Web page caption snippets
* * * * *
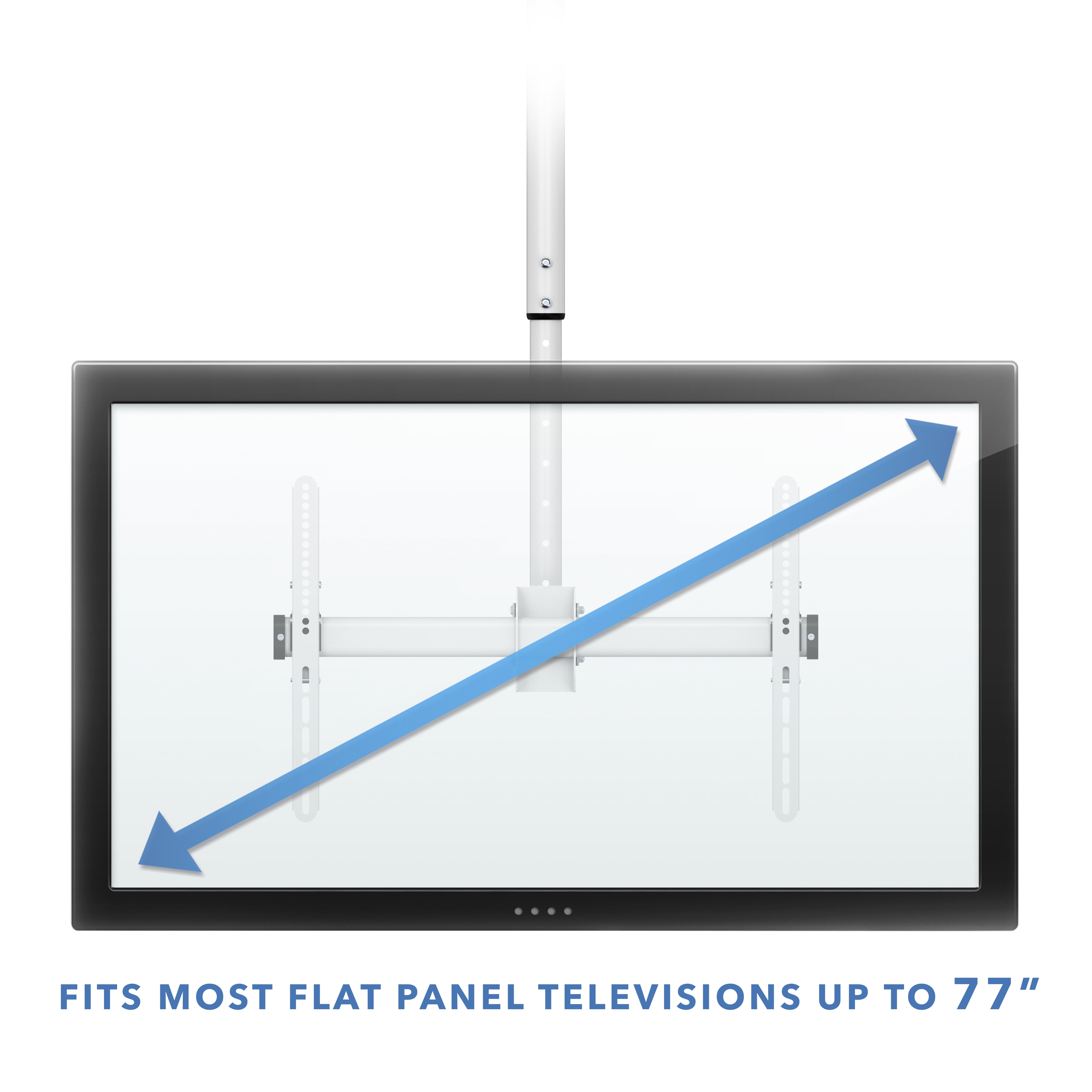 Mount-It! Full Motion Ceiling TV Mount, White, Fits 32" to 77" TVs, Capacity 110 lbs.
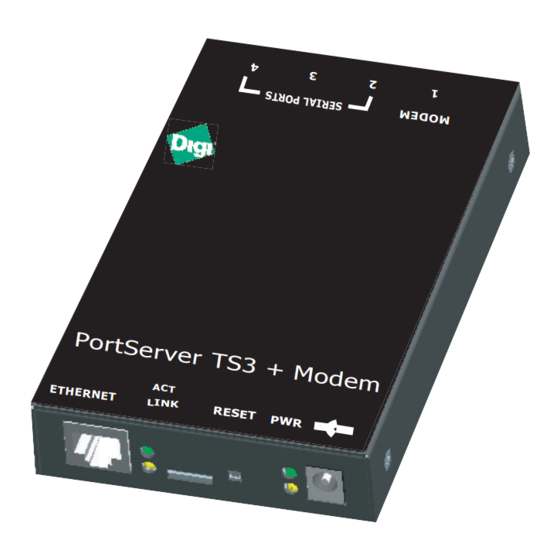 DIGI CONNECTWARE PORTSERVER TS 1 + MODEM QUICK START MANUAL Pdf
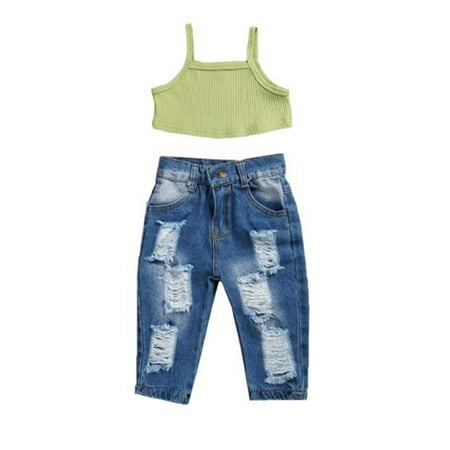 FOCUSNORM 3Pcs Toddler Girl 4 Colors Solid Pit Crop Tops Vest+Ripped Long Jeans Sets
FOCUSNORM 3Pcs Toddler Girl 4 Colors Solid Pit Crop Tops Vest+Ripped Long Jeans Sets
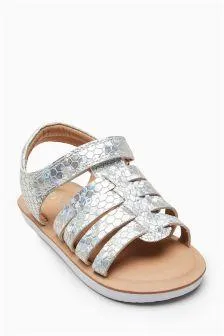 Next Girls Silver Iridescent Fisherman Sandals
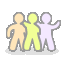 アニメーション（３人の肩を組む男性）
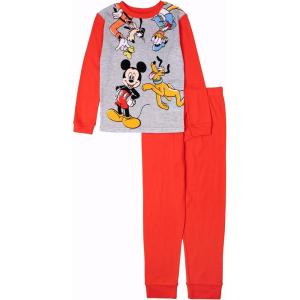 imageDisney Boys 2Piece Snugfit Cotton Holiday Pajama Set Soft ampamp Cute for KidsBest Mates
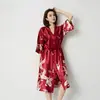Vestido de Madrinha roupão matinal longo roupão matinal emocional feminino noiva madrinha seda festa pijama roupa presente de mão alça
* * * * *
TASK DIRECTIONS: From the line containing "DIGI CONNECTWARE PORTSERVER" down to the last line of the data above, transcribe exactly those lines and no others; omit the pictures.

WRITTEN RESPONSE:
 DIGI CONNECTWARE PORTSERVER TS 1 + MODEM QUICK START MANUAL Pdf
 FOCUSNORM 3Pcs Toddler Girl 4 Colors Solid Pit Crop Tops Vest+Ripped Long Jeans Sets
FOCUSNORM 3Pcs Toddler Girl 4 Colors Solid Pit Crop Tops Vest+Ripped Long Jeans Sets
 Next Girls Silver Iridescent Fisherman Sandals
 アニメーション（３人の肩を組む男性）
 imageDisney Boys 2Piece Snugfit Cotton Holiday Pajama Set Soft ampamp Cute for KidsBest Mates
Vestido de Madrinha roupão matinal longo roupão matinal emocional feminino noiva madrinha seda festa pijama roupa presente de mão alça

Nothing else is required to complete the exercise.